You may have a different response and I apologize if I’ve left you out, but I think these three capture the paradox of John’s words in the gospel today. The mysterious title “lamb of God” appears only twice in the entire Bible, and they’re both right here in this morning’s reading from John. John the Baptist doesn’t explain it. Nobody else seems to use it. Matthew, Mark, Luke, and Paul know nothing about it. And yet there it is, right in the heart of our liturgy, so central a part of the mass that even secular students of classical music know its Latin name, Agnus Dei, “Lamb of God,” because there have been—what—probably thousands of musical settings composed to sing these words over the last two thousand years.


So this morning, I’m going to preach on Isaiah. (Just kidding.) No, I want to talk a little bit about that question: What does it mean to say that Jesus is the “Lamb of God”?
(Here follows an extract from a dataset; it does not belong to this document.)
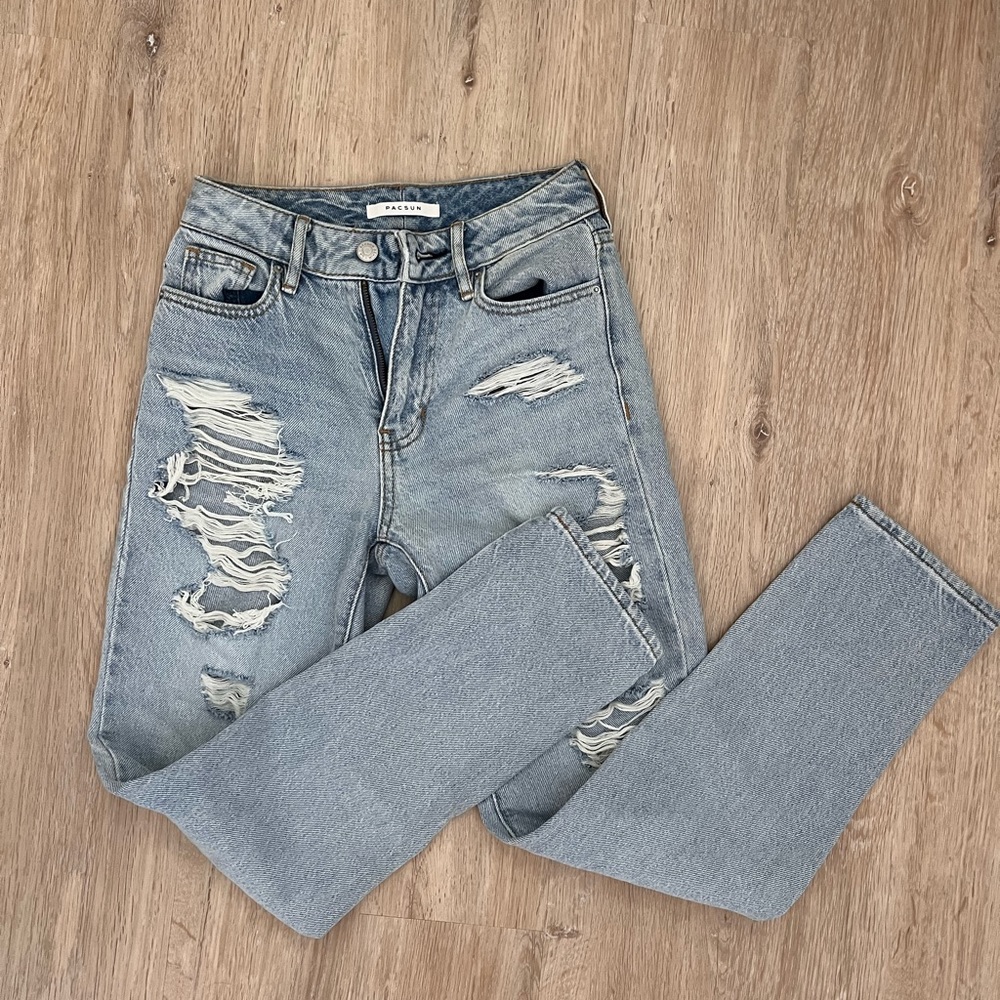 NWOT Pacsun mom jeans - Picture 2 of 5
First, I think we have to start with the fact that for John’s audience—and this is true both for “John the Baptist” speaking to his disciples and for the later and different “John the Evangelist,” writing this gospel for his community—for either John’s audience, the primary symbolic connection would have been with Passover, with the ritual slaughter of lambs as part of the preparation for the Passover meal. The Passover sacrifice commemorated the people’s flight from Egypt in the Book of Exodus, when the blood of a lamb painted on their door-posts turned away the angel of Death from their doors, and it was one of the major feasts for which most of the population traveled to the Temple in Jerusalem.

John the Evangelist, writing the gospel, clearly sees this as one of the primary roles of Jesus: he is not just a teacher, not just a healer, not just a leader or a religious reformer; he is the Lamb, with a capital L, the ultimate Passover sacrifice who will, by his own death, drive away death, not just on one night but for all eternity. And this symbolic connection is so important to John that John, alone of all the gospels, places Jesus’ death on Good Friday not on the day of the Passover, but on the day before, the day of preparation for the Passover, so that at the very moment when the Passover lambs are being slaughtered in the Temple, Jesus is dying on the cross. Jesus is “the Lamb of God,” the ultimate Passover sacrifice.
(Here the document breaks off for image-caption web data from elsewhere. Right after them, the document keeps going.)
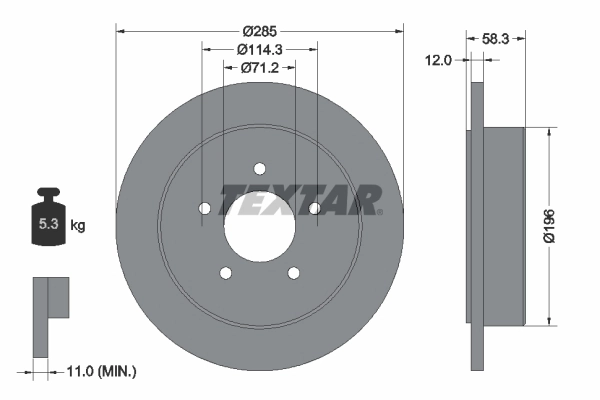 Disco do freio traseiro Ford Explorer  U2 ao melhor preço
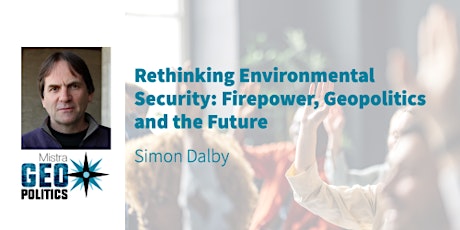 Lecture with Simon Dalby: Rethinking Environmental Security  primärbild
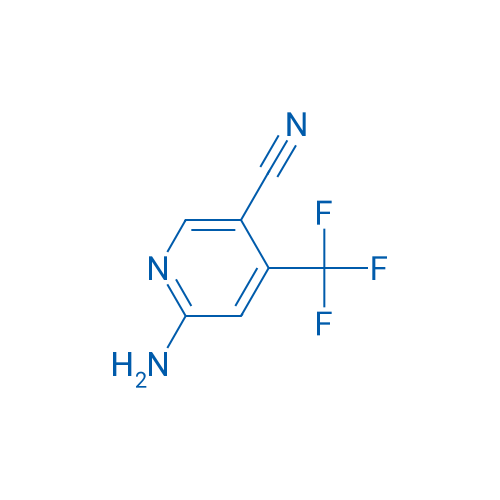 6-amino-4-(trifluoromethyl)nicotinonitrile 100mg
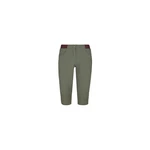 Women's outdoor 3/4 pants Kilpi MEEDIN-W khaki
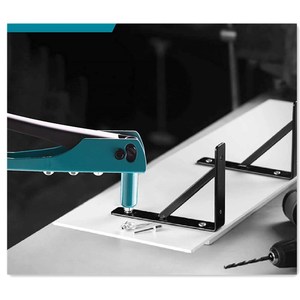 الثقيلة اليد المبرشم برشام بندقية أداة للمعادن السيارات مسامير مصمتة - Product Image 6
But the words of John the Baptist evoke a second kind of sacrificial lamb, because Jesus is not just “the Lamb of God,” he is “the Lamb of God, who takes away the sin of the world.” This is not what the Passover lamb does. In the story of the Exodus, the Passover lamb drives away death. The Passover feast is a time to celebrate this deliverance. But the Passover sacrifice is not what the Bible calls a “sin-offering.” The practice of animal sacrifice is very foreign to our experience of worship, but it was the main part of religious ritual in the ancient Mediterranean world. The Bible lays out a whole system of sacrifices that could be offered in the case of various sins, and sacrificing a lamb was a perfectly reasonable way to make amends with God. Especially if you had inadvertently sinned, the sprinkling of the animal’s blood around the altar of the Temple would purify the Land itself, ensuring that God wouldn’t be driven out by the accumulated impurity of all the people’s sins. And, again, if this doesn’t sound very familiar to you, it’s because animal sacrifice hasn’t been practiced in either Christianity or Judaism in nearly two thousand years, since the destruction of the Temple few decades after Jesus’ death made it impossible; but it would have made perfect sense at the time.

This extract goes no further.